Growing up as an evangelical Christian in the Bible Belt, Rachel Held Evans used to love reading the Bible. But as her faith changed, she grew weary of the black-and-white interpretation of her youth. As an adult, she joined the Episcopal Church and began to consider other ways to read Scripture. Her new book, Inspired: Slaying Giants, Walking on Water, and Loving the Bible Again (Thomas Nelson, 2018), is a memoir mixed with scholarship and literary analysis, including reimagining parts of the Bible as short stories, poetry and even a “Choose Your Own Adventure” story.  

Living Lutheran spoke with Evans about her book and the new ways she has found to engage Scripture.  

Living Lutheran: What are your favorite parts of the Bible? 

Evans: I love the gospel story, but I also really love wisdom literature. I love Ecclesiastes, Job, Song of Songs, Proverbs. Job is a strikingly beautiful poem—one of the oldest wrestlings with one of the oldest questions of humanity, which is “Why do bad things happen to good people?” It answers it in this very, sometimes, unsatisfactory way, but in a way that really captures my imagination.  

I love what wisdom literature invites us into, and how much it reflects so much of the rest of the Bible, in that big questions about life and God and our relationship with God are answered in the form of stories and proverbs and poems and riddles—not usually directly, [as] we might like.

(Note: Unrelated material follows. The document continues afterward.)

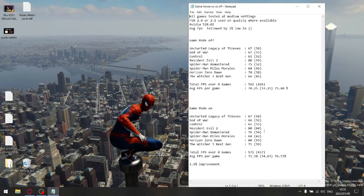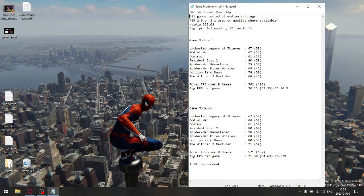Just for stability, if you calculate the average of the one percent lows versus the average FPS, for game mode off I've got 75 percent stability, and then for game mode on I've got 76.53 stability. So game mode on doesn't make a hell of a difference, but there is a 1.5 percent improvement.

The wisdom stories capture what the Bible is like and show us that we have to read the Bible and engage the Bible from a posture of wisdom because it doesn’t always spell everything out for us. 

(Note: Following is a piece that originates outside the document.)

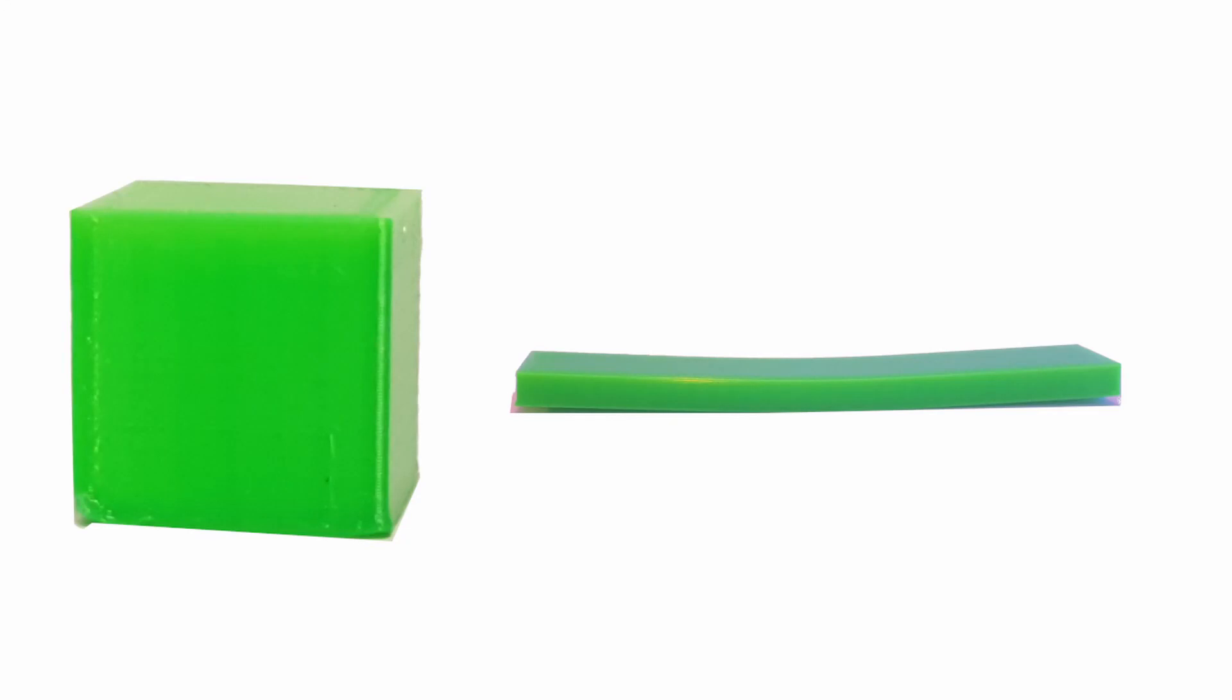Hello and welcome to 3D Print Passion. Today we are talking about avoiding warping during a 3D print. Have fun watching the video.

In the book, you write about how your relationship with the Bible has changed as you have moved from the faith of your youth to the Episcopal church where you currently worship. Would you talk about that?

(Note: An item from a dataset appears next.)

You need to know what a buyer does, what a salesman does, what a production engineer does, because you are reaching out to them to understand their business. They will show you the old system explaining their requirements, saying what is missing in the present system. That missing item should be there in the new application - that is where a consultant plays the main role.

Growing up, I was a Bible nerd. I had large portions of the book of Romans memorized before I was 11 years old. I grew up an evangelical Christian with a pretty solid understanding of the content of Scripture and could find my way around the Bible very easily. I’m grateful for the gift of Bible knowledge that evangelicalism gave me, but I also had a posture towards the Bible that it had to be defended at all costs, that it was constantly under assault. I had an attitude that I had to defend the Bible as historically and scientifically accurate, as inerrant and infallible, and internally consistent. I was very busy, especially in my youth, defending a Bible that didn’t exist—because the Bible is not always consistent, and isn’t always easy to understand, and it’s not primarily science and history. There’s quite a few other genres represented in the Bible that don’t easily turn into an owner’s manual or an answer book or a position paper.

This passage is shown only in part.